◆ **What you need to do**
Begin with the line below holding "Fellowes Pulsar-E Electric" and go on through the line holding "Mickey Mouse - Cake by Stefano Russomanno", duplicating each line exactly and leaving out pictures.

◆ **Available data**
★ ★ ★ ★ ★

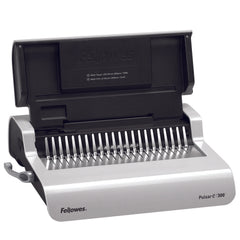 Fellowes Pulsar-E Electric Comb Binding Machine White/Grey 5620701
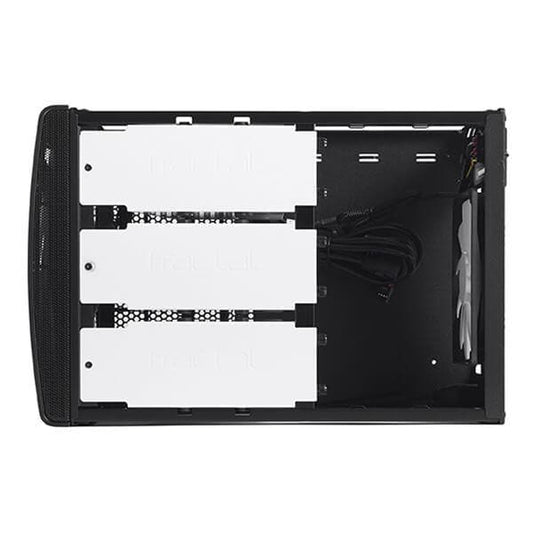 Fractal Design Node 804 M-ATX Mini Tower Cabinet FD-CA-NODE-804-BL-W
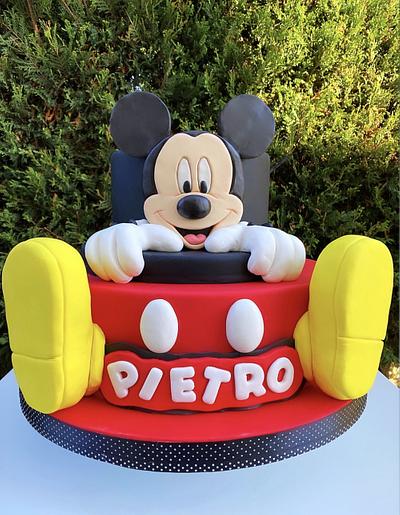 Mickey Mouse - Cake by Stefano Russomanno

★ ★ ★ ★ ★

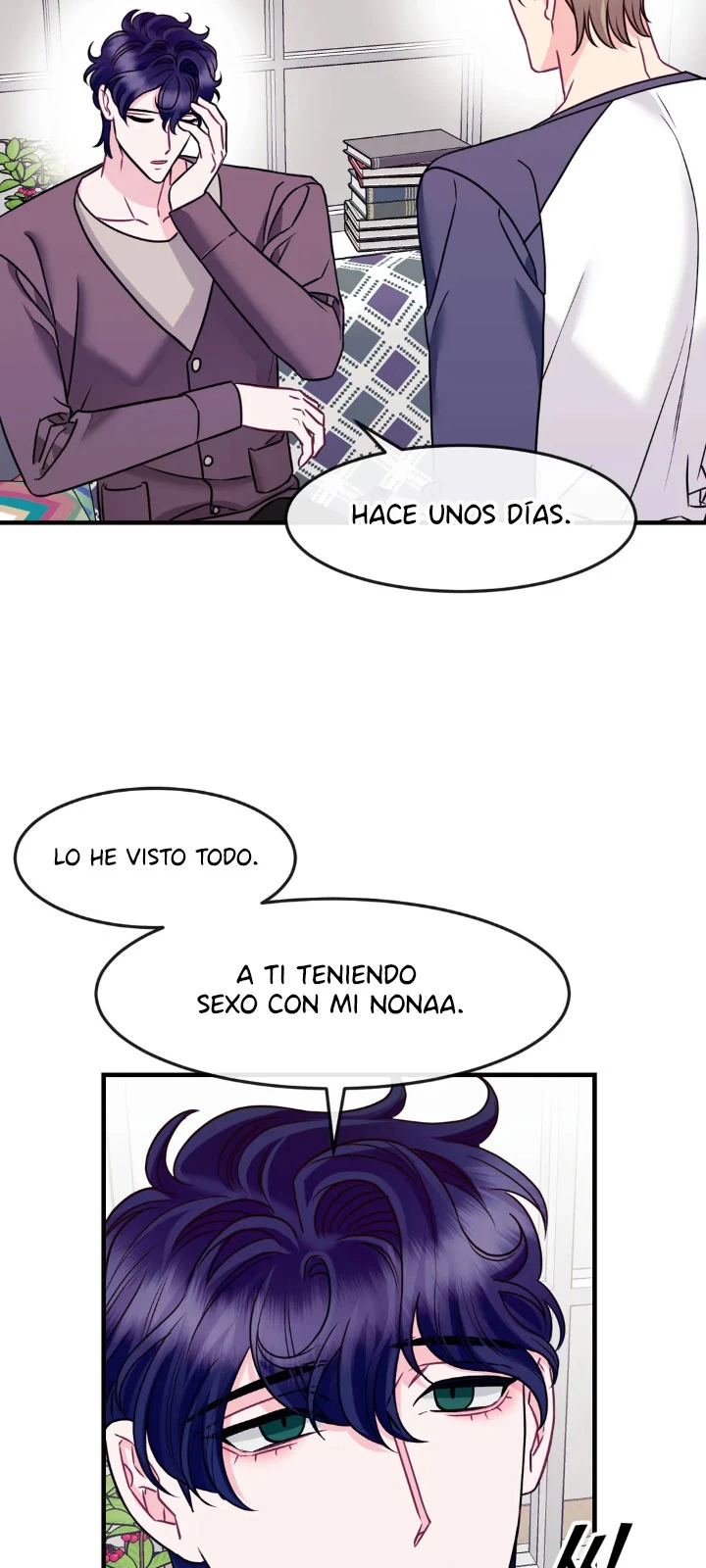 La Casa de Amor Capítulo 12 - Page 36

★ ★ ★ ★ ★

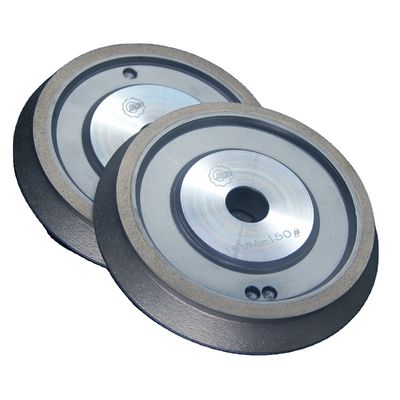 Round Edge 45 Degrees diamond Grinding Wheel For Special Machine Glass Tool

★ ★ ★ ★ ★

◆ **Response for this exercise**
 Fellowes Pulsar-E Electric Comb Binding Machine White/Grey 5620701
 Fractal Design Node 804 M-ATX Mini Tower Cabinet FD-CA-NODE-804-BL-W
 Mickey Mouse - Cake by Stefano Russomanno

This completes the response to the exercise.